CHEIKH MBACKÉ, LE BOTTIER QUI VEUT FAIRE MARCHER LE MONDE
Fabricant de chaussures « Made in Sénégal », le jeune Cheikh Mbacké Thiam est droit dans ses bottes quand il déclare vouloir industrialiser son artisanat
A proximité de l’atelier de Cheikh, s’exhale une odeur de colle et de peaux de bêtes tannées. Devant la cordonnerie, le bonhomme trentenaire n’a pas encore jugé nécessaire d’apposer une enseigne. Sa renommée semble dépasser son quartier de Hamo 3 à Guédiawaye, dans la banlieue dakaroise, où les gens le surnomment « Cheikh Dall (chaussures en langue wolof) ». Son ambition est de transformer cette identité en opportunités, comme hisser sa botterie au niveau des grandes marques internationales.
Donnez du tissu à Cheikh, il vous le transforme en chaussure ! Rien n’est un secret pour lui dans sa fabrication. Il est à la fois designer, formier, patronmodéliste et coupeur.

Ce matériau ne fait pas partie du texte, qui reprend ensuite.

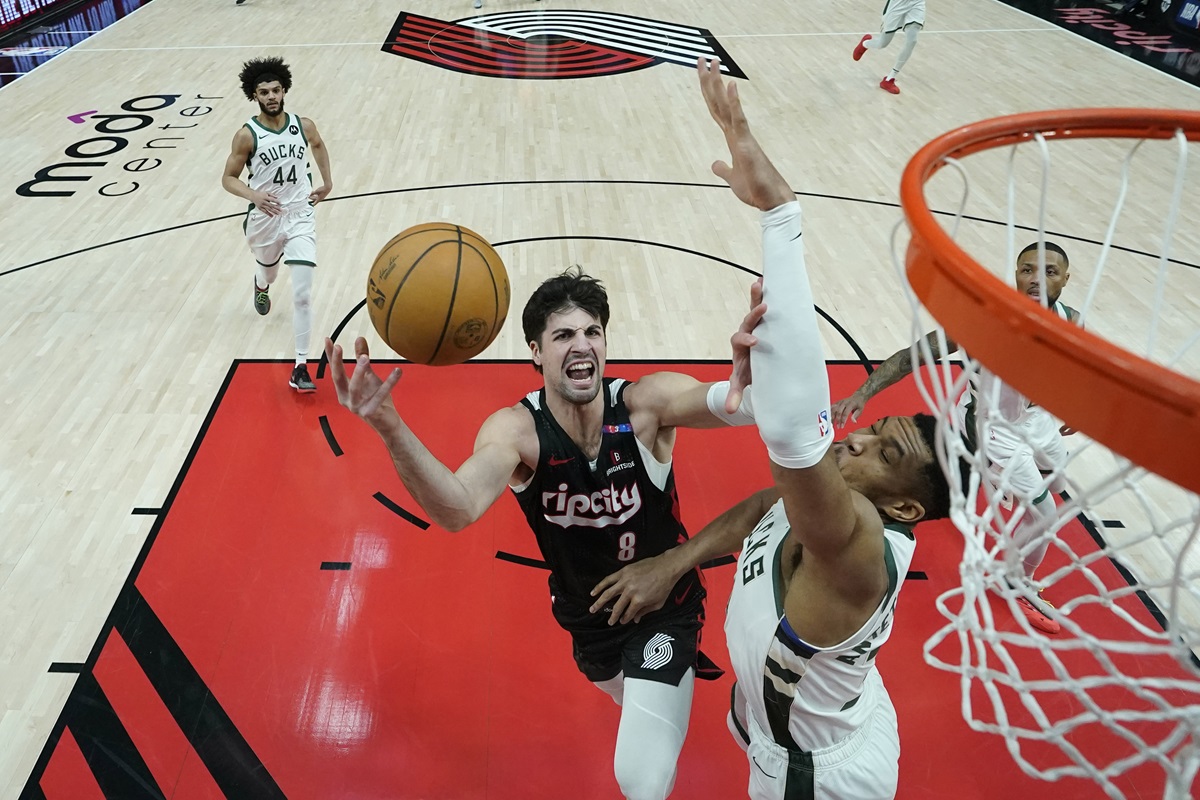 Deni Avdija (Blazers) contre les Bucks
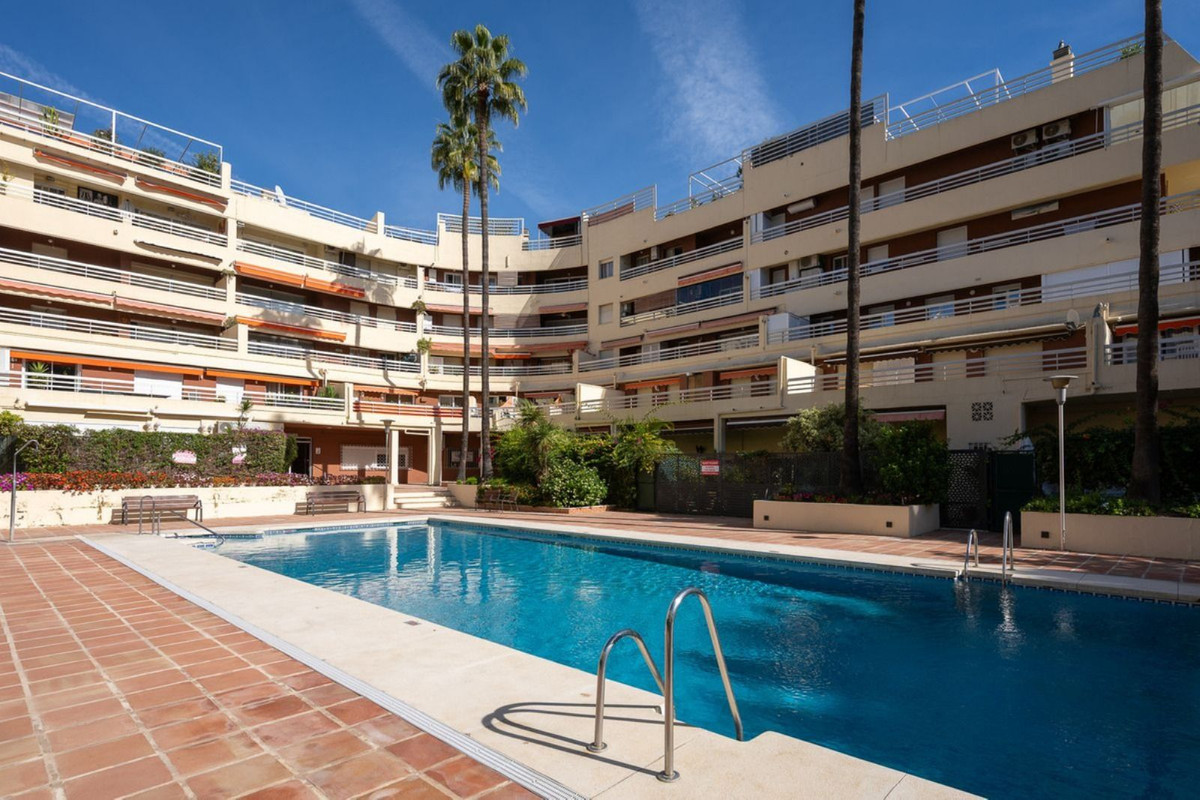 3 Bed Apartment for sale in Marbella Costa Del Sol, Málaga, Spain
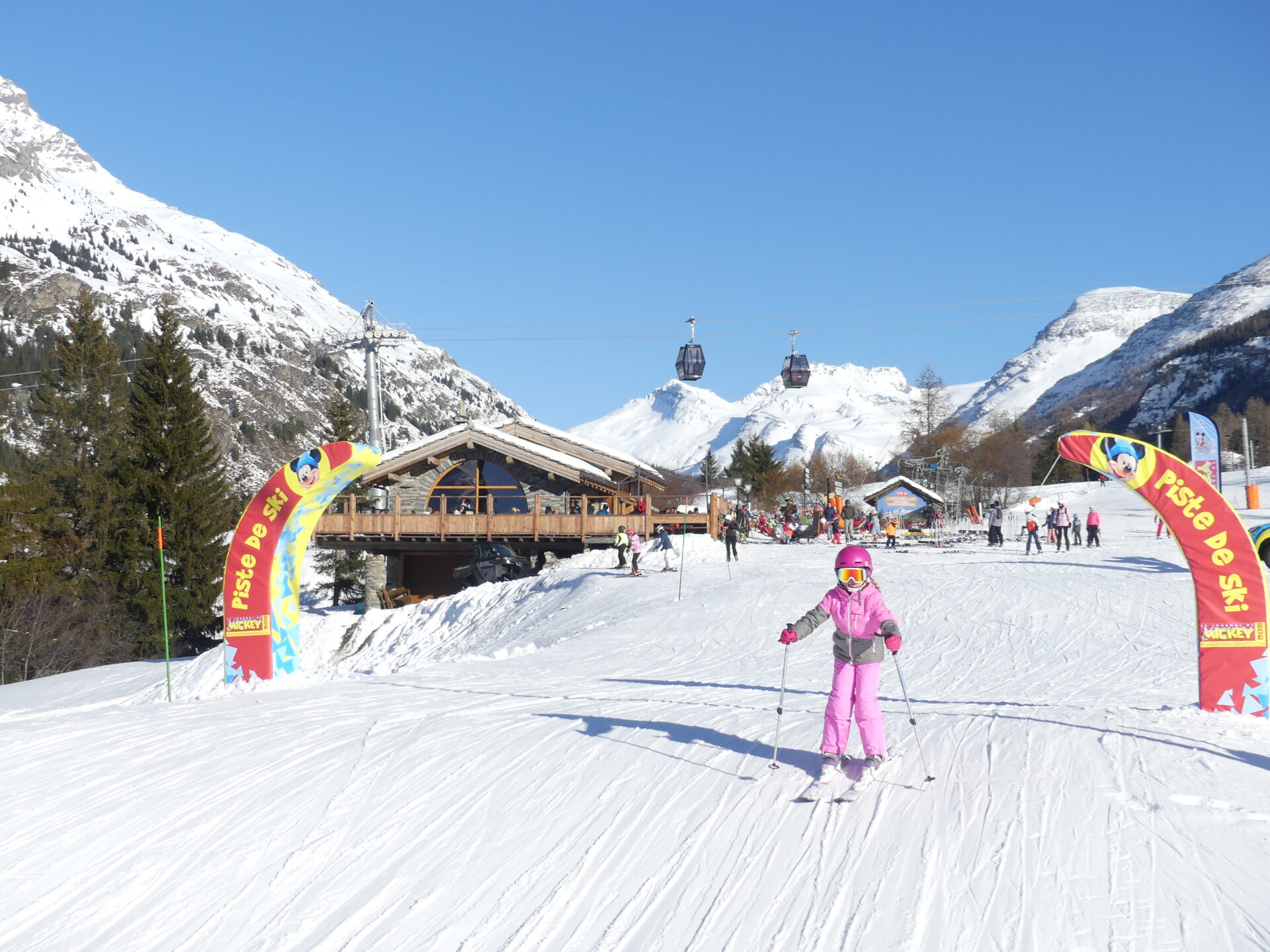 An image of the ski school in Val Cenis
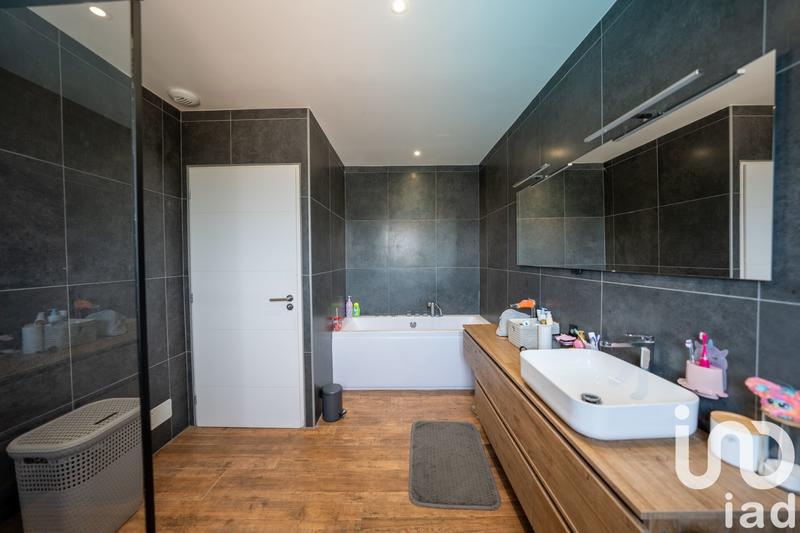 Maison - 150 m² - 4 pièces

Comme un spécialiste du « système D », il procède également au piquage, à la mise en forme, au semelage et au bichonnage pour à la fin produire des souliers, bottes, espadrilles ou autres sandales.
Pour se faire remarquer dans son artisanat, il a décidé de ne pas faire comme les autres. Si les Africains utilisent le tissu Wax pour leur habillement corporel, il s’en sert plutôt comme une des matières premières de ses chaussures. « Ce qui différencie mes chaussures de celles fabriquées en Occident, c’est d’abord les couleurs vives que j’utilise, mais aussi le Wax et autres accessoires qui rendent plus belles mes créations », souligne-t-il, vêtu d’un t-shirt rouge assorti d’un jean vert.
L’envol ?
Le magasin de Cheikh Dall n’est pas encore le grand luxe, mais l’oiseau fait petit à petit son nid. Pour le moment, deux machines à coudre, un tabouret et une petite planche font le décor. Coupures de tissu et pots de colle, entre autres matériaux, parsèment également ce modeste atelier. Le propriétaire s’y active quotidiennement, à coup d’innovations, pour se faire une place dans un marché fortement dominé par l’industrie de masse et les commerçants chinois.
« Nous avons déménagé ici il y a moins de deux mois. Mais nous n’avons pas encore fini d’aménager », explique le corpulent bonhomme à la taille moyenne, avant de nous indiquer des sacs cossus contenant des peaux de vaches tannées où il installe clients et visiteurs.
Avant de se mettre à l’ouvrage la matinée, il prend le soin de bien nettoyer une de ses machines qui commence à prendre de l’âge. « Elle est vieille et très capricieuse. Et vu que je suis pressé, je ne veux pas qu’elle me joue des tours pendant mon travail », dit-il alors que son téléphone, entre les mains d’un de ses proches, se met à sonner. Mais il ne veut nullement être perturbé si ce n’est une personne qui appelle pour passer une commande.